Records section start
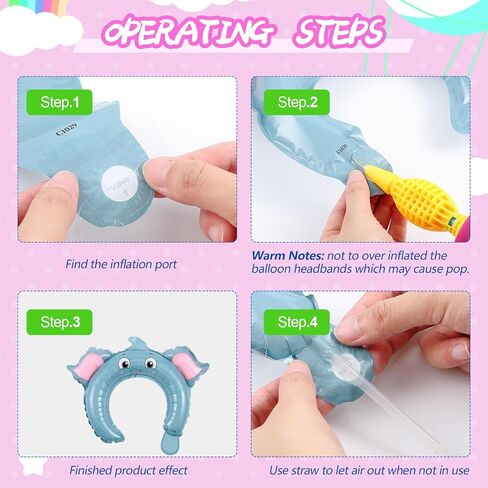 Liliful 200 Pcs Zoo Animal Inflatable Headbands Unicorn Wildlife Safari Balloon Hair Hoop Unicorn Balloon Kit with Pump Inflatable Jungle Animals for Birthday Party Favors Decorations in Kuwait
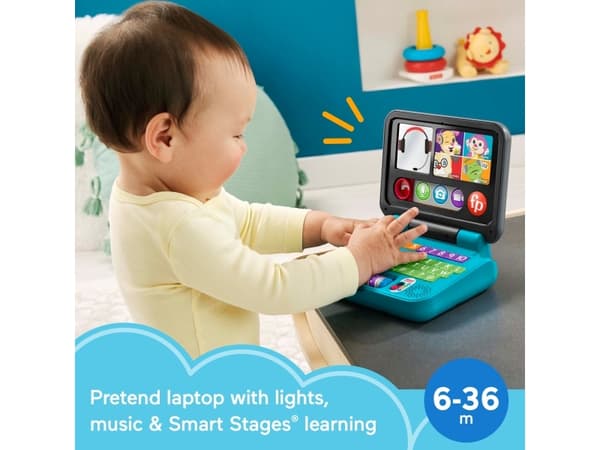 Fisher-Price Laugh & Learn Let''s Connect Laptop, 0,5 År, Klingende, Batterier påkrævet, AAA, Plast, Flerfarvet (Finsk)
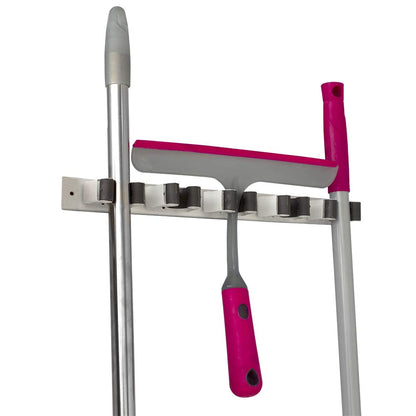Mop and Broom Holder Wall Mounted Storage Organizer by Home Basics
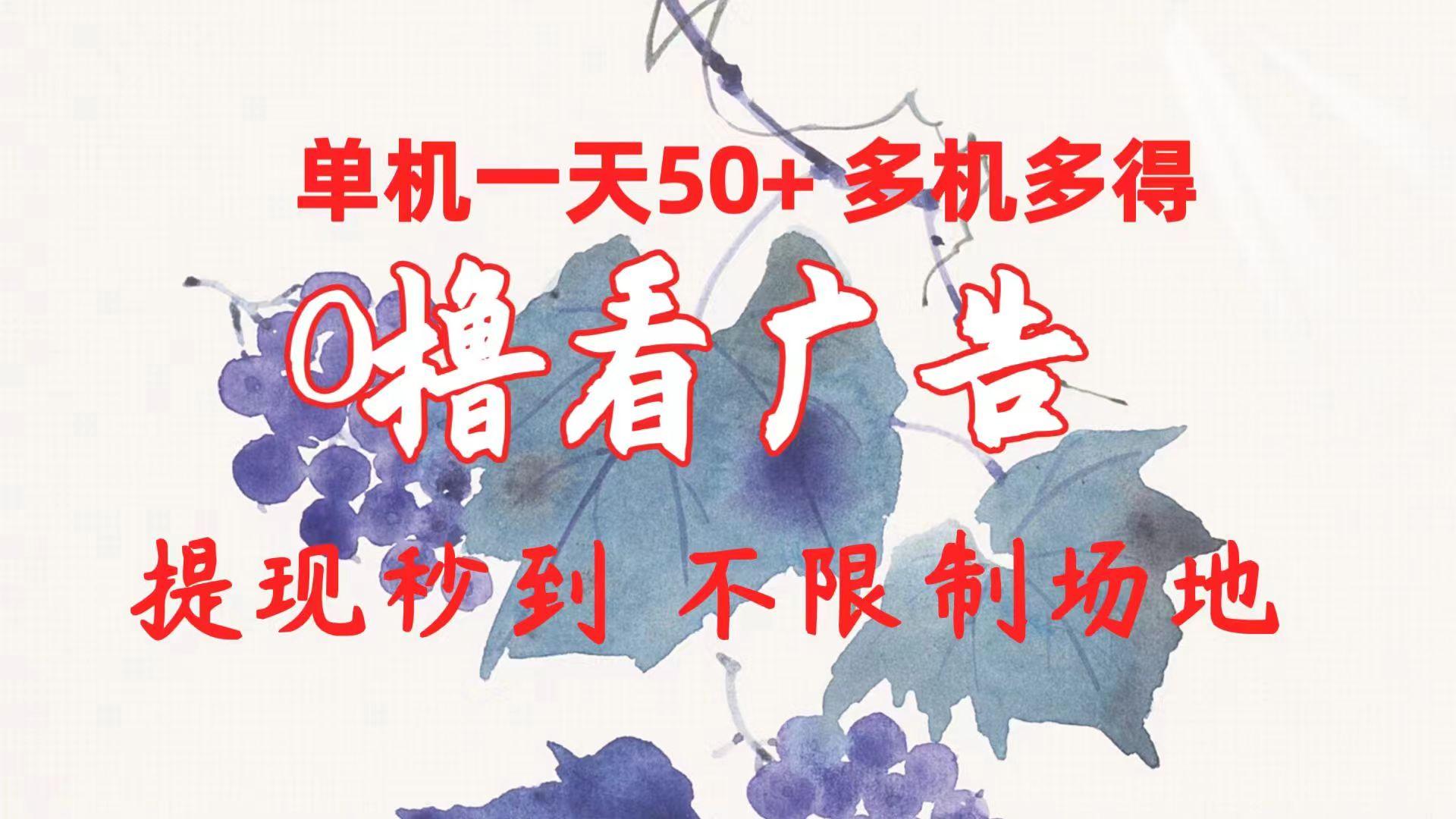 0撸看广告 单机一天50+多机多得 提现秒到 不限制场地操作-test
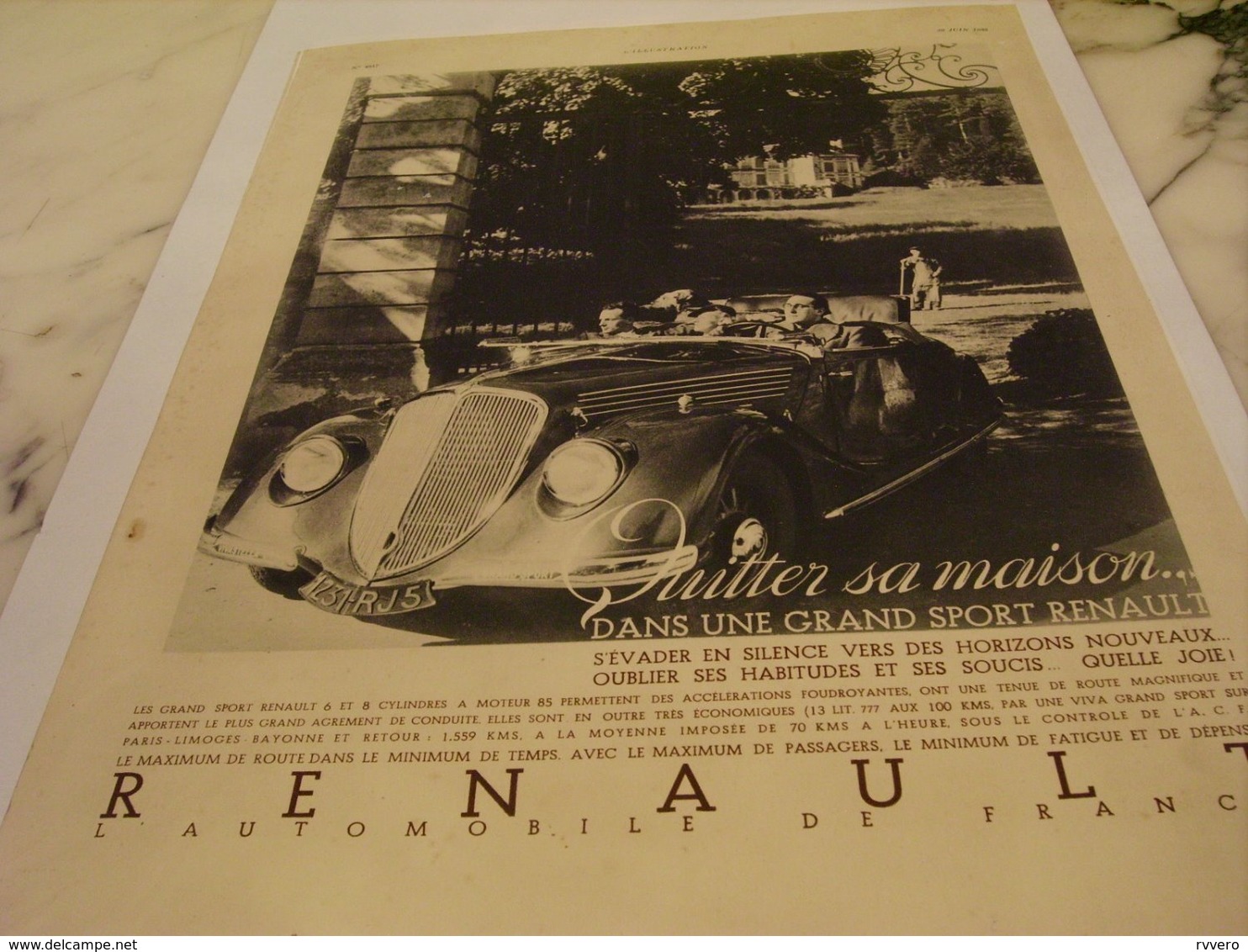 ANCIENNE PUBLICITE QUITTEZ SA MAISON VOITURE  RENAULT 1935 - Voitures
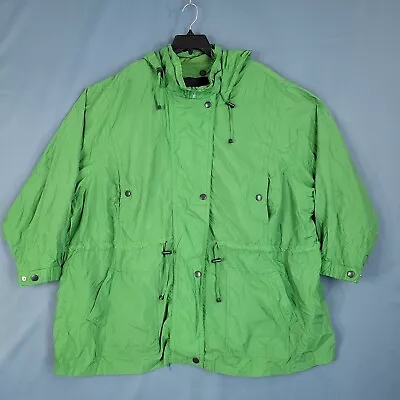 Unisex Removable Hood & Lining Coat Jacket Full Zip Snap Green Actual Size 4XL • $24.34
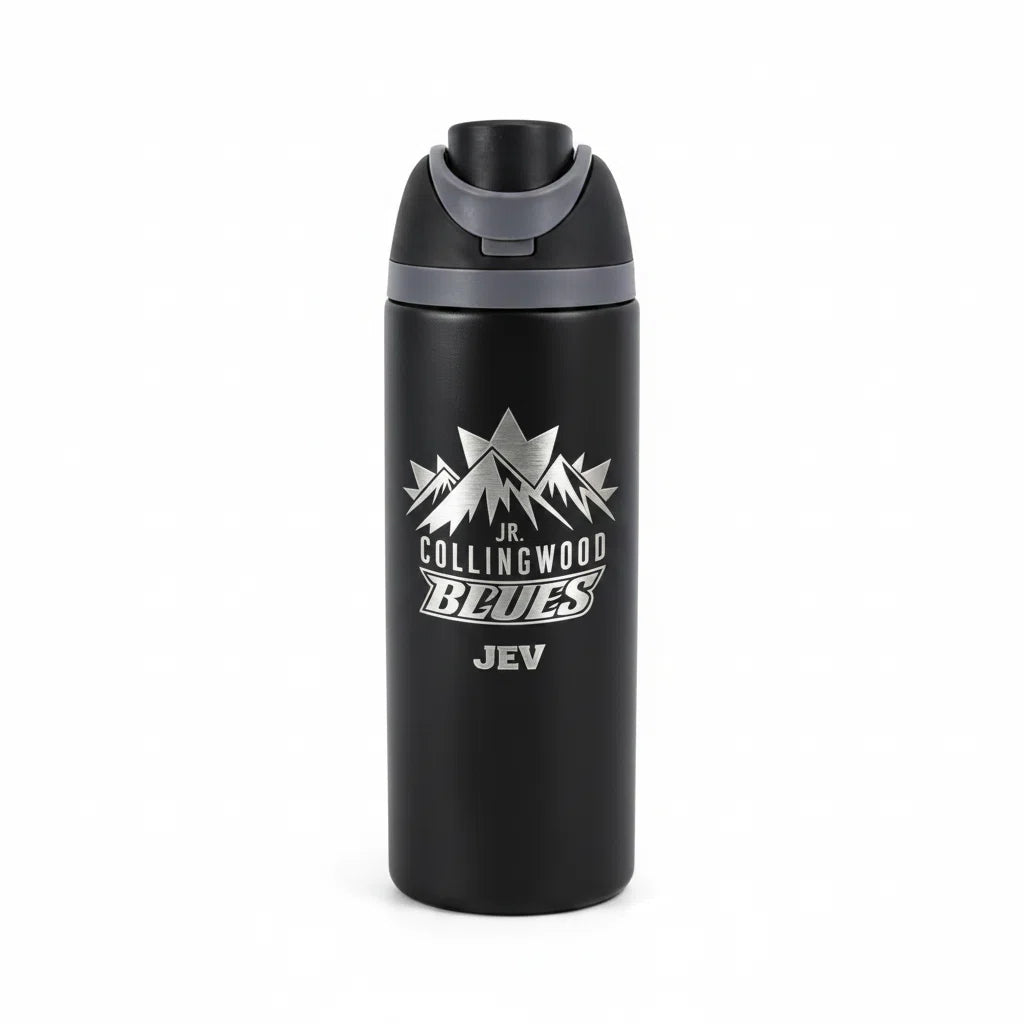 24oz Insulated Sports Water Bottle | Built-in Straw | Custom Laser Engraving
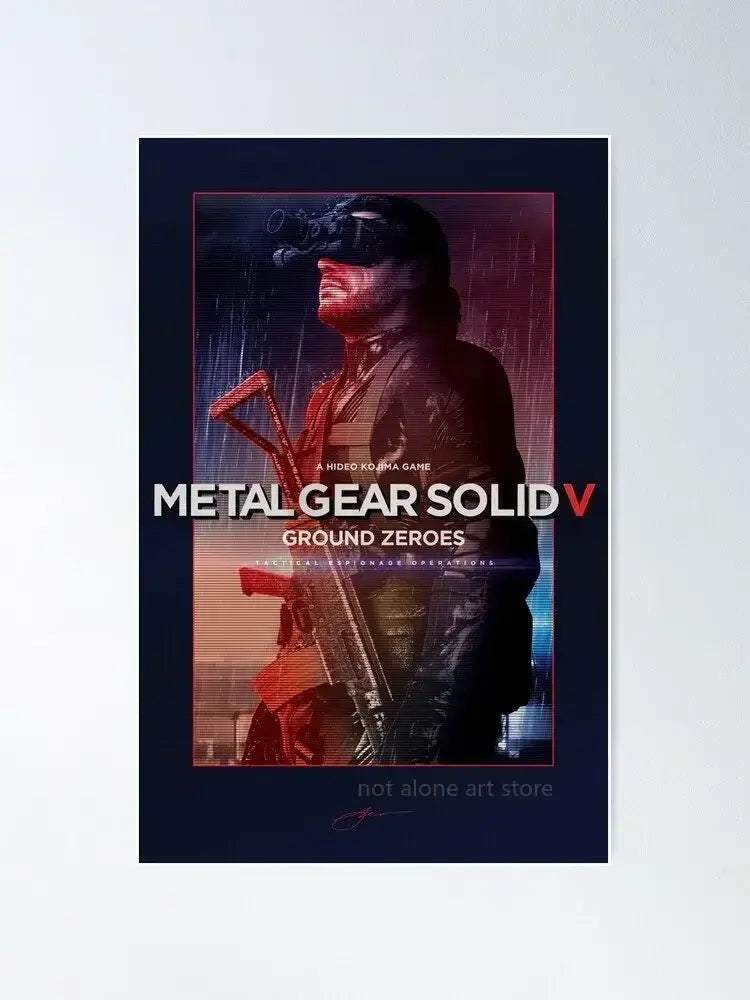 Framed metal gear solid canvas art poster for gaming room decor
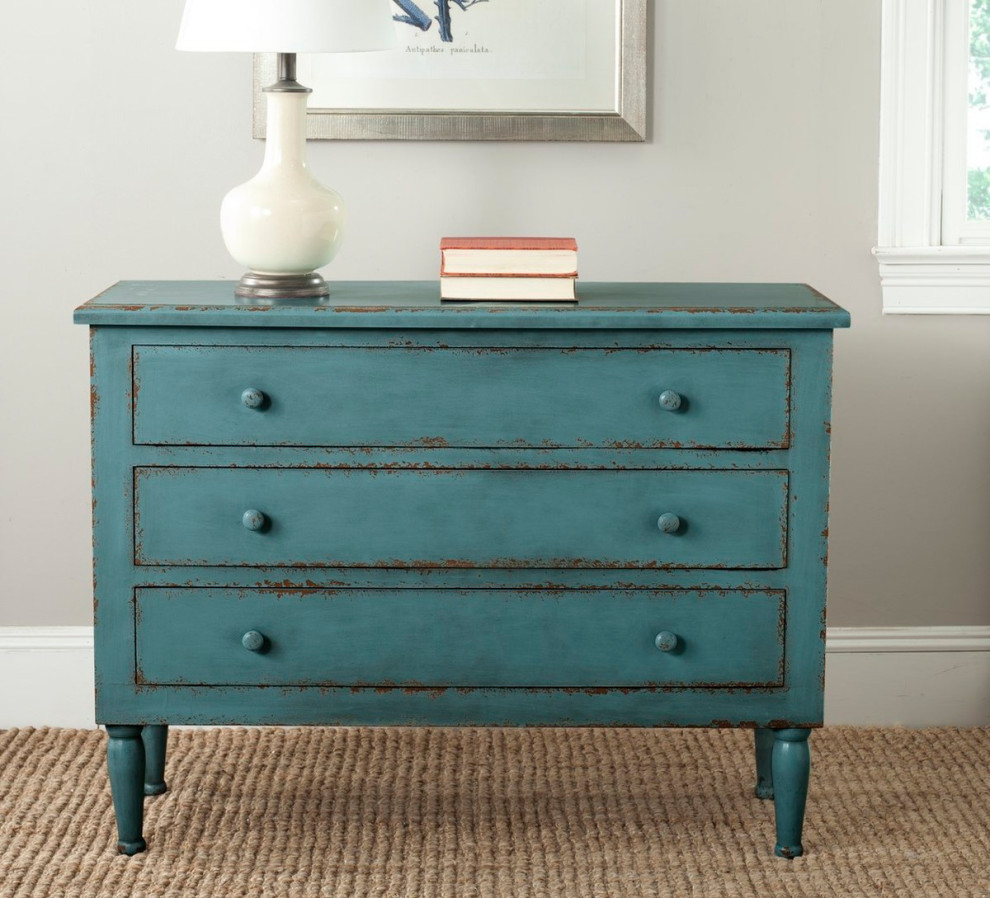 Beth Storage Chest  Distressed Blue   Farmhouse   Accent Chests And Cabinets   by Rustic Home Furniture Deco  Houzz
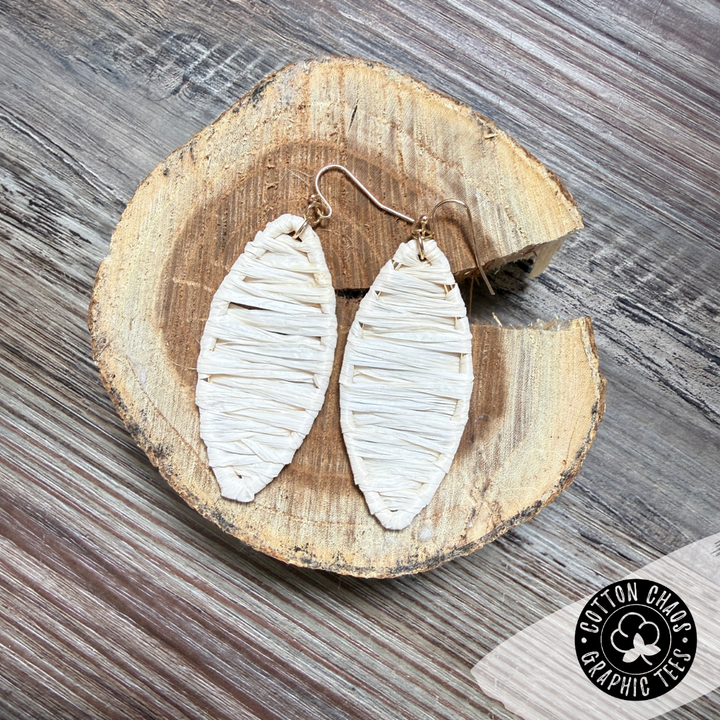 Cream Raffia Earrings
Records section end
Leaving every picture out, write out exactly the lines from the beginning of the listing above to the line with "0撸看广告 单机一天50+多机多得 提现秒到 不限制场地操作-test", inclusive.

Response.
 Liliful 200 Pcs Zoo Animal Inflatable Headbands Unicorn Wildlife Safari Balloon Hair Hoop Unicorn Balloon Kit with Pump Inflatable Jungle Animals for Birthday Party Favors Decorations in Kuwait
 Fisher-Price Laugh & Learn Let''s Connect Laptop, 0,5 År, Klingende, Batterier påkrævet, AAA, Plast, Flerfarvet (Finsk)
Mop and Broom Holder Wall Mounted Storage Organizer by Home Basics
 0撸看广告 单机一天50+多机多得 提现秒到 不限制场地操作-test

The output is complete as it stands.